Premissas e concepção de marxismo

Para proceder a um exame da teoria marxista no sentido de verificar a sua validade para a luta do proletariado, Korsch partiu dos seguintes pontos: a) não existe uma essência humana universal separada da criação de um indivíduo por meio de relações sociais em que se insere; b) todas as questões sociais são concebidas em termos de uma época histórica definida (especificidade histórica); c) a generalização pode ser alcançada a partir das pesquisas das formas históricas; d) o estudo das sociedades passadas fornece exemplos de sociedades totalmente não burguesas, o que significa que pode haver uma sociedade futura totalmente não burguesa; e) o movimento coletivo do proletariado tem por objetivo promover as condições sociais, independente da relação com o Estado, para incentivar o desenvolvimento integral das pessoas; f) estabelecer a relação entre forças produtivas e relações de produção evitando cair no economicismo e no sociologismo; g) a base econômica e a superestrutura jurídico-política não são meramente uma relação de causa e efeito ou a segunda  apenas o reflexo da primeira.
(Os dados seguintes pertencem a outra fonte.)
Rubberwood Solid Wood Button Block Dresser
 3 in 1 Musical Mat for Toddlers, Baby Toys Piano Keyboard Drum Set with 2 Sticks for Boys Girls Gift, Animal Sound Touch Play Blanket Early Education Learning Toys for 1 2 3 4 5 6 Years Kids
Assim, Korsch entendia o marxismo de modo não dogmático, o que para ele significava que: a) todas as suas proposições são específicas; b) o marxismo não é positivo e sim crítico; c) enquanto teoria o marxismo não pretende abarcar tudo, mas sim os fenômenos e interrelações da vida histórica e social, o que não se estende para as ciências naturais; d) o adepto do marxismo deve subordinar o conhecimento teórico aos fins da ação revolucionária.
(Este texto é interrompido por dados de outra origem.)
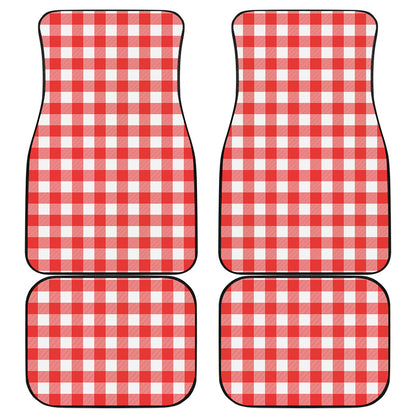 Red And White Buffalo Check Print Front and Back Car Floor Mats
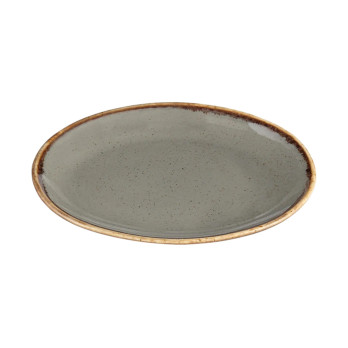 Блюдо овальное Porland Seasons Dark Grey, 24х19 см 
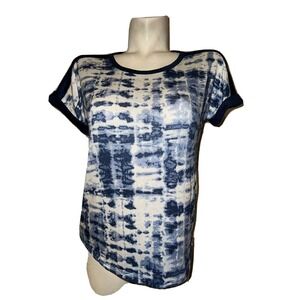 Lucky Brand Womens Blue White Tie Dye Cuffed Short Sleeve Top Small RN71222
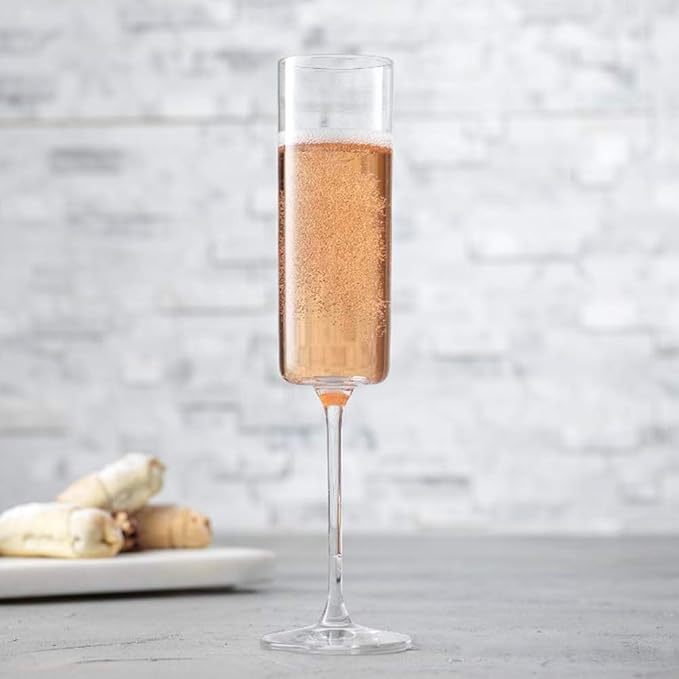 JoyJolt Champagne Flutes, Claire Collection Crystal Champagne Glasses Set of 2, 5.7 Ounce Capacity, Exquisite Craftsmanship, Ideal for Home Bar, Special Occasions – Made in Europe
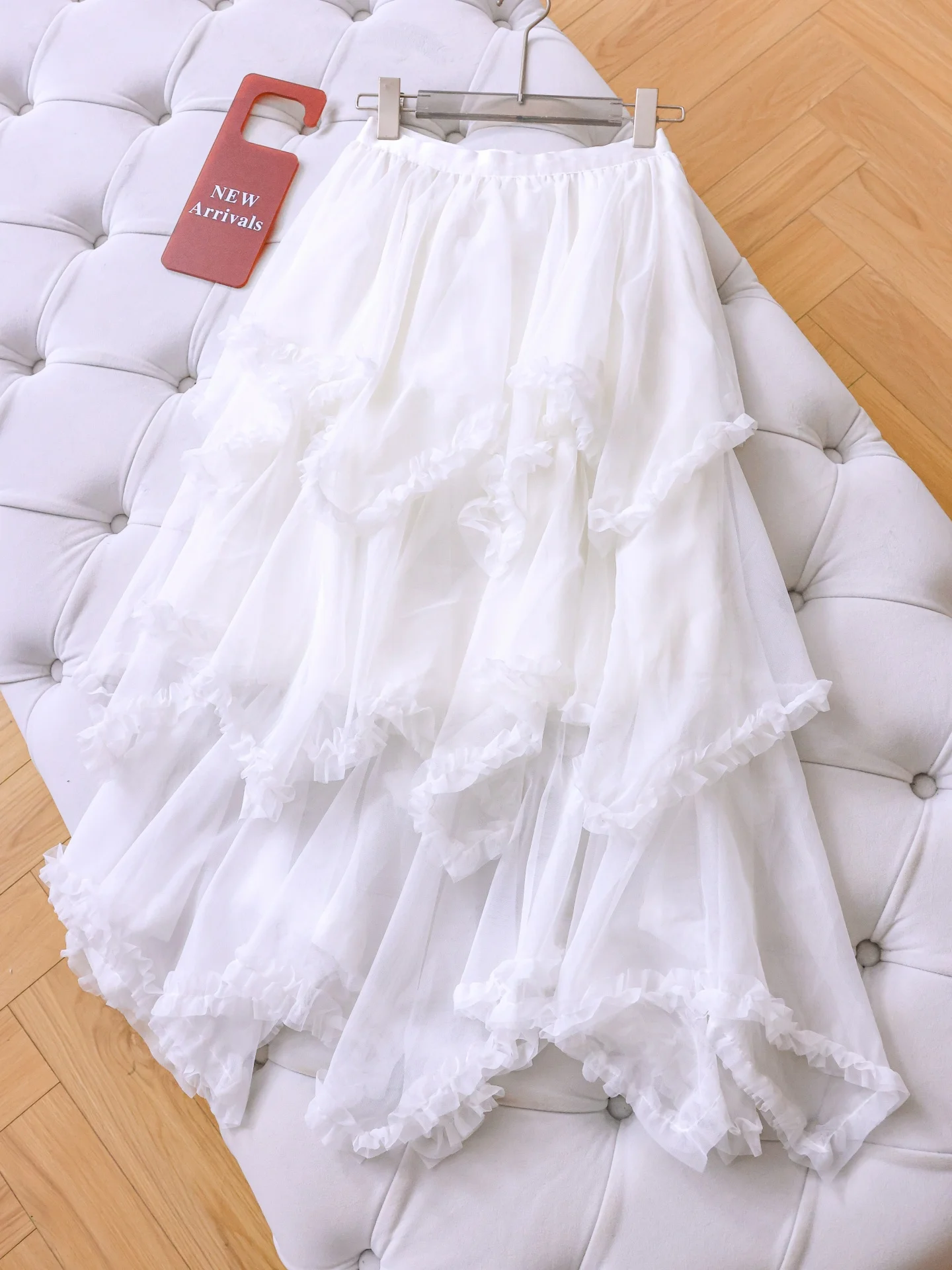 

Elegant Cake Skirt Women's High Waist Elastic Waist Tulle Skirt Irregular Multi-layered Petal Lace Half-length Skirt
“O autêntico objetivo final da luta de classe proletária não é um dado Estado, por mais ‘democrático’, ‘comunal’ ou ‘conselhista’ que seja, mas a sociedade comunista sem classes e sem Estado, cuja forma de conjunto não é representada por este ou aquele poder político (…).” Karl Korsch

Porque Korsch é importante?

Porque ele demonstrou a ligação direta que existe entre escolhas metodológicas e escolhas políticas. Por revelar quando o marxismo se transforma em mera cobertura ideológica para posições capitalistas tomadas em nome do proletariado. Ao deixar fixado que o movimento histórico é formado pela articulação permanente entre base econômica (materialidade) e superestrutura (subjetividade), Korsch pode libertar o marxismo da armadilha dogmática. Foi Korsch quem demonstrou que não se pode realizar a revolução proletária com parâmetros válidos para a revolução capitalista. Pioneiro ao identificar que autogoverno proletário não é a mesma coisa que forma institucional do comunismo. Sua definição de socialização permitiu eliminar as ilusões com o pequeno capital (empreendedorismo, agricultura familiar). Devemos a Korsch o decisivo complemento de que não basta entregar os meios de produção aos produtores diretos, é preciso incluir os usuários dos produtos e serviços produzidos, além de fornecer a crítica a políticas de governos atuais que diminuem a pobreza mas aumentam a desigualdade. Sua crítica ao verbalismo fornece os meios para combater na atualidade correntes políticas que buscam colocar peso na linguagem, a distinção entre enfrentamento teórico e enfrentamento de teorias, o elemento ativo como critério da verdade, entre tantas que não é possível enumerar por razões de espaço.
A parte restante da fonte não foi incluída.